═════ Records to use ═════

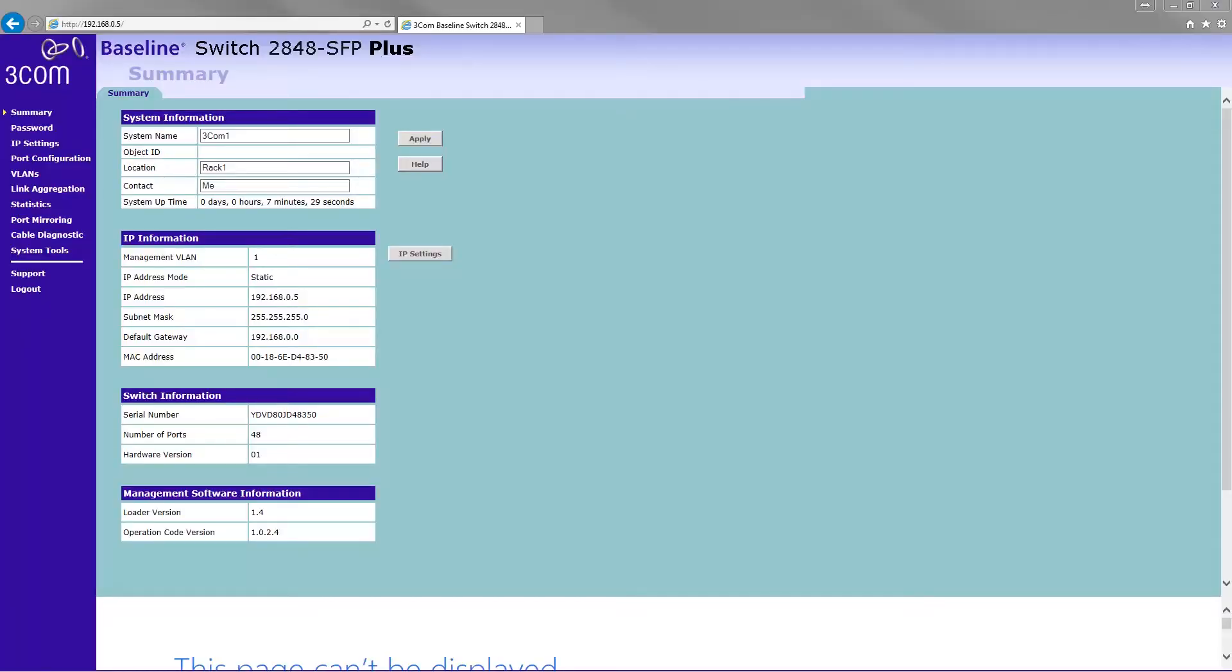Hello and welcome to another video from the Computer Techie. Today we're going to be looking at setting up link aggregation on a 3Com switch, and in this case this is a Baseline 2848 Plus.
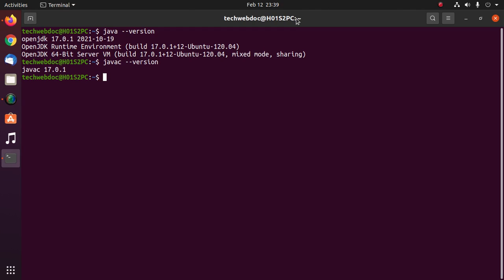So I am going to open bashrc file with nano text editor with this command.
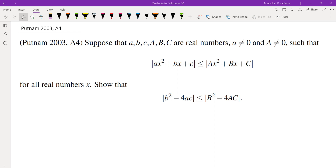Hello, in this video we're going to go over problem A4 from the 2003 Putnam Math Competition. Suppose we have two quadratics where the absolute value of one is less than or equal to the absolute value of the other, and we want to show that the absolute value of the discriminant of the smaller one is less than or equal to the absolute value of the discriminant of the larger one.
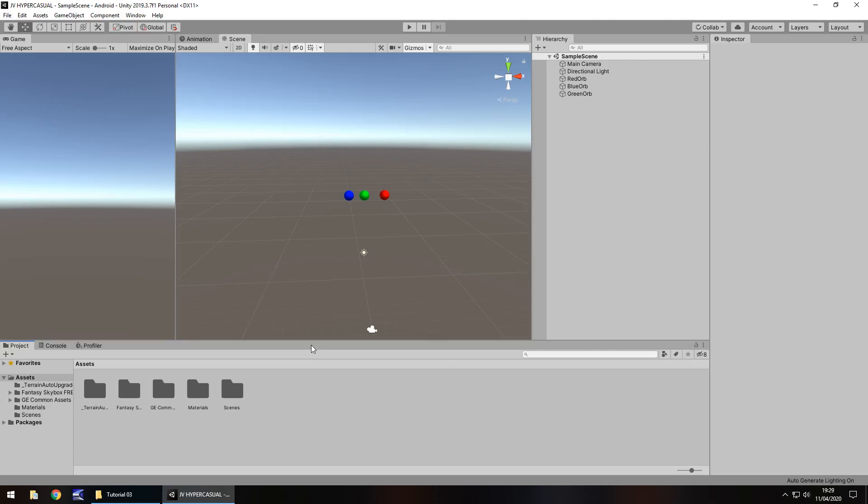Hello there, I'm Jimmy Vegas and this is how to create a hyper casual game in Unity — welcome to episode 3. In this tutorial we are going to take a little look at lighting as well as a skybox, and we'll also touch again on some more physics. Click on the subscribe button and the bell icon to stay up to date with every tutorial still to come in this series.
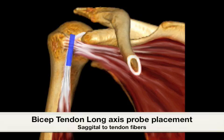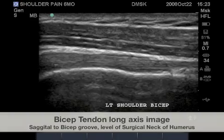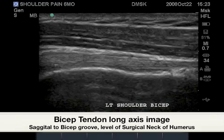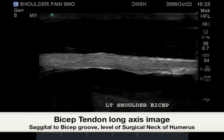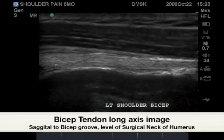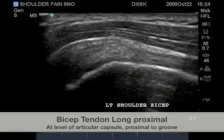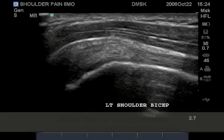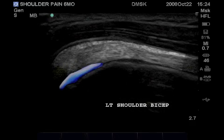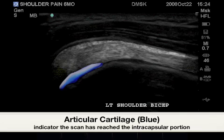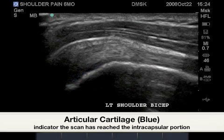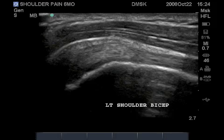We now turn to the long axis of the bicep tendon, shown here at the level of the surgical neck of the humerus. Highlighted is the bicep tendon fibrillar pattern. When the probe is placed higher than the surgical neck, we approach the bicep groove, and proximal to the biceps groove, the articular hyaline cartilage, and the very proximal insertion to the superior labrum will not be seen due to its relationship beneath the acromion process.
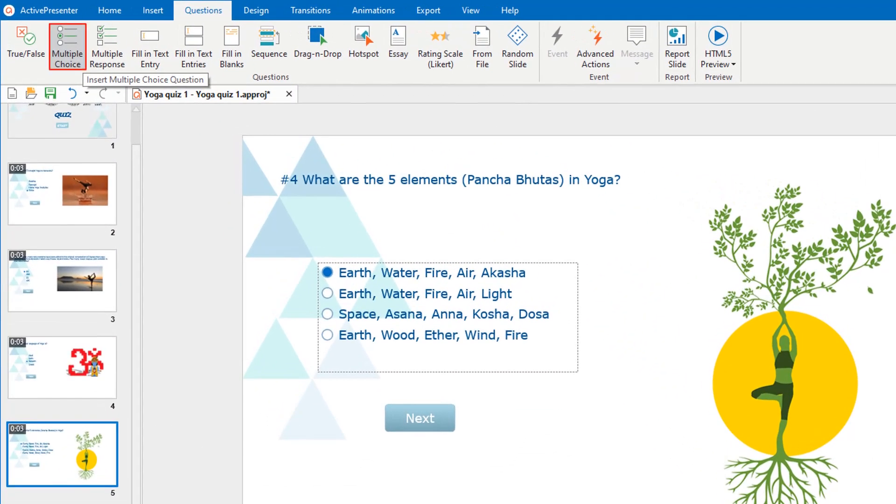As you may know, the multiple-choice format is most frequently used in educational testing, in market research, etc.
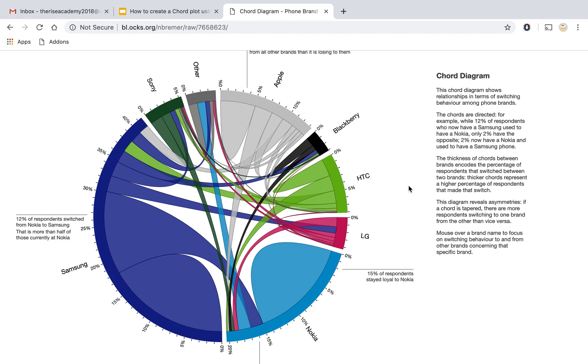And here the thickness of the arcs, if you see they are different because they represent something. They represent how many customers, net customers have moved from one brand to another brand.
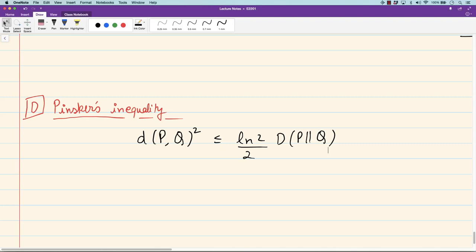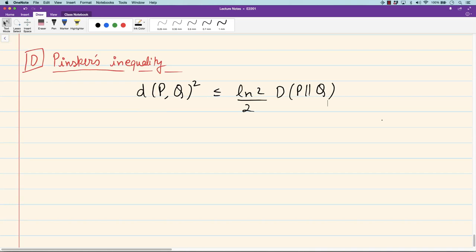A more standard proof of this inequality can be found in the Cover-Thomas textbook, where one first observes that it suffices to show the inequality for binary random variables — distributions with support of size 2. Then one directly shows it for binary random variables, since there are just two parameters, one for p and one for q, and the elementary inequality can be verified for those two parameters. That is the standard proof, but I want to present an alternative proof using the variational formula we derived.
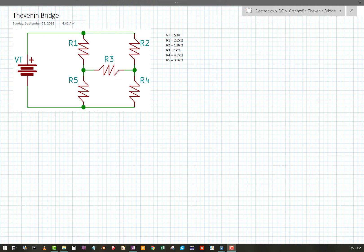Here's our given circuit. We have a bridge circuit and the values are shown: 50 volts applied, 2.2kΩ for R1, and so forth.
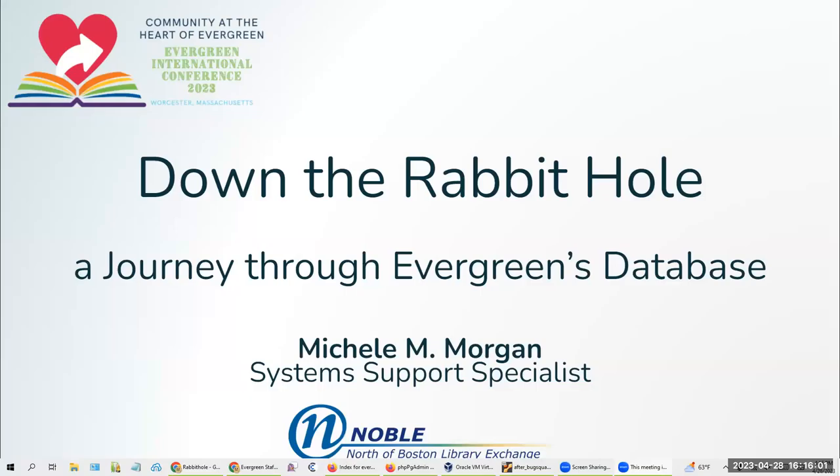Go ahead and get started. Welcome to a trip down the rabbit hole, a journey into the Evergreens database. I'm Michelle Morgan. I'm the system support specialist at Noble, the north of Boston Library Exchange.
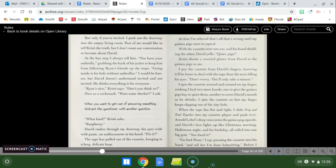I would be honest, but David doesn't understand invited and not invited. He thinks everything is for everyone. Ryan's nice, Christy says. Don't you think so? Yeah, nice as a cockroach. Want some sherbet, I ask. When you want to get out of answering something, distract the questioner with another question. What kind? Christy asks. Raspberry. David rushes through my doorway, his eyes wide with panic, an audio cassette in his hand. Fix it? The tape had pulled out of the cassette, hanging in a long, delicate loop. At first, I'm relieved that all that's wrong, until guinea pigs start to squeal. With the cassette over one ear and his hand shielding the other, David yells, quiet, pigs!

═════

=== What needs to be done ===
Nothing but the lines from the first line of the data above through the line holding "As you may know, the" may appear in the response, copied exactly and without pictures.

=== Exercise output ===
Hello and welcome to another video from the Computer Techie. Today we're going to be looking at setting up link aggregation on a 3Com switch, and in this case this is a Baseline 2848 Plus.
So I am going to open bashrc file with nano text editor with this command.
Hello, in this video we're going to go over problem A4 from the 2003 Putnam Math Competition. Suppose we have two quadratics where the absolute value of one is less than or equal to the absolute value of the other, and we want to show that the absolute value of the discriminant of the smaller one is less than or equal to the absolute value of the discriminant of the larger one.
Hello there, I'm Jimmy Vegas and this is how to create a hyper casual game in Unity — welcome to episode 3. In this tutorial we are going to take a little look at lighting as well as a skybox, and we'll also touch again on some more physics. Click on the subscribe button and the bell icon to stay up to date with every tutorial still to come in this series.
We now turn to the long axis of the bicep tendon, shown here at the level of the surgical neck of the humerus. Highlighted is the bicep tendon fibrillar pattern. When the probe is placed higher than the surgical neck, we approach the bicep groove, and proximal to the biceps groove, the articular hyaline cartilage, and the very proximal insertion to the superior labrum will not be seen due to its relationship beneath the acromion process.
As you may know, the multiple-choice format is most frequently used in educational testing, in market research, etc.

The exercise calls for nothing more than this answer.